I mean, Jay-Z made $36 million last year. Times
that by seven and you’ll see what I am talking about.
Maybe it’s just because I’ve been
on the rollercoaster freelance trip for over a year now and I’m
a little dizzy. When I worked at a publishing company, sure there
was stress but at least I knew I was getting a healthy pay cheque
every month.
And once a month, around every payday, I took
my wife for a steak.
Now it’s a constant chase: commissions,
articles, admin, deadlines. And not much steak; on a budget, you
see. Don’t get me wrong, I’m getting by adequately
enough (I bought Megan a steak last month), but jeez.
Look, I know how lucky I am to have the freedom;
I covered 10000 kms in two massive work-related road trips last
year; got some good waves and had a good time. I also have my
health, surfing, family and a handful of good friends and a roof
over my head and enough to eat. Life is not bad, often good.

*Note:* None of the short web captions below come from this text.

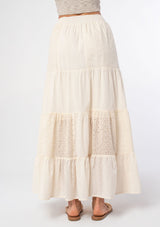 [Color: Natural] A woman wearing a bohemian off white cotton maxi skirt with embroidered detail throughout. 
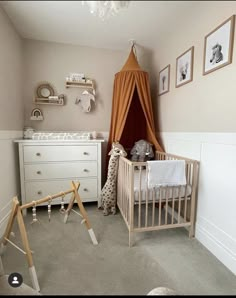 a baby's room with a crib, dresser and other items in it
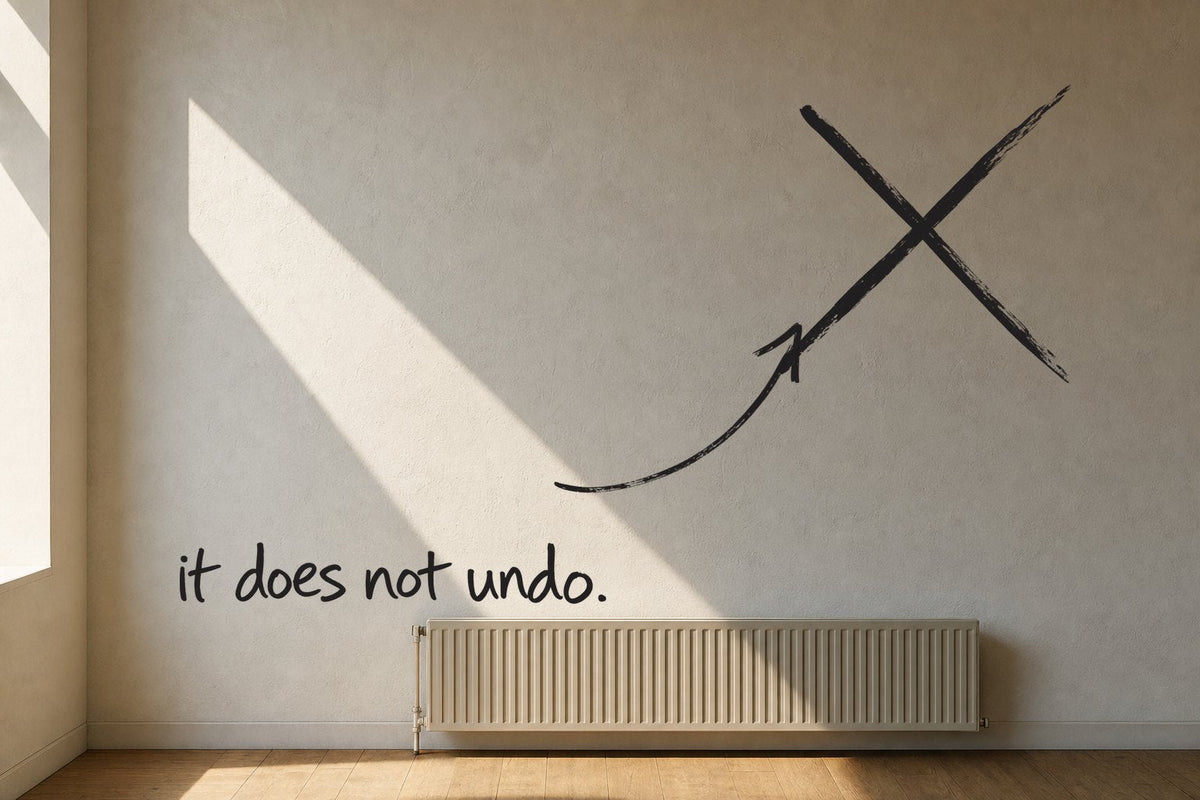 A plaster wall with a hard band of sunlight across it and a radiator below, the sunlit wall struck through with a black marker cross, an arrow from the handwritten words it does not undo, by Willem van der Krieken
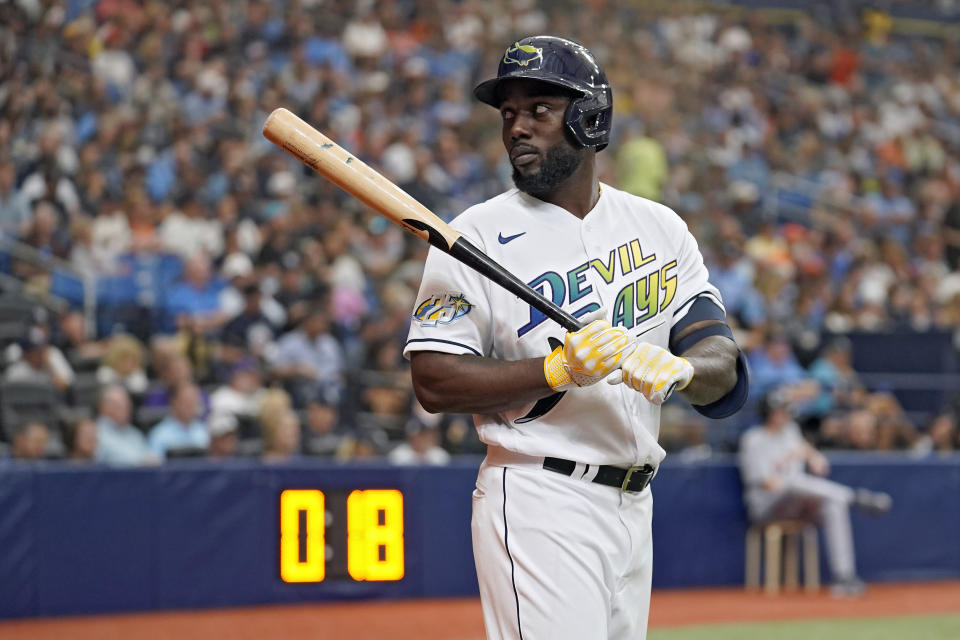 Tampa Bay Rays' Randy Arozarena waits on deck near the new MLB pitch clock during the sixth inning of a baseball game against the Detroit Tigers Thursday, March 30, 2023, in St. Petersburg, Fla. (AP Photo/Chris O'Meara)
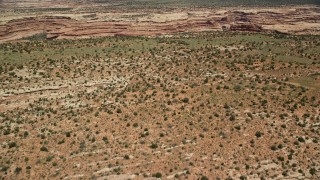 AX136_064E - 5.5K aerial stock footage fly over mesa to approach a canyon, Cedar Mesa, Utah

It’s just I find the Benjamins that some
of these people earn staggering, don’t you? Look, I know
Jay-Z is talented and works hard. I know that some movie stars
are incredible actors and deserve to get paid well. But 60 million
dollars a movie? Who are you kidding? And how much are the movie
honchos making on top of that?
And Paris Hilton and those kinds of people? Heirs
and frikkin’ royals. What the have they ever done? Okay,
maybe now I am sounding bitter, but what the...?
And meanwhile the average salary in South Africa
is R2000 and some people literally haven’t got two sticks
to rub together.
Sure, charity does a lot, and that’s all
good. But what is happening in a world when people who have got
so much money they can’t spend it all in their lives leave
it to their cat, dog or budgie (and circling lawyers)? And the
starving billions see nary a fluffy toy.
Something is out of whack.
Me, if there is such as thing as re-incarnation,
I think I’d like to come back as a rich dog, preferably
in a beach house. That’s not asking too much, is it?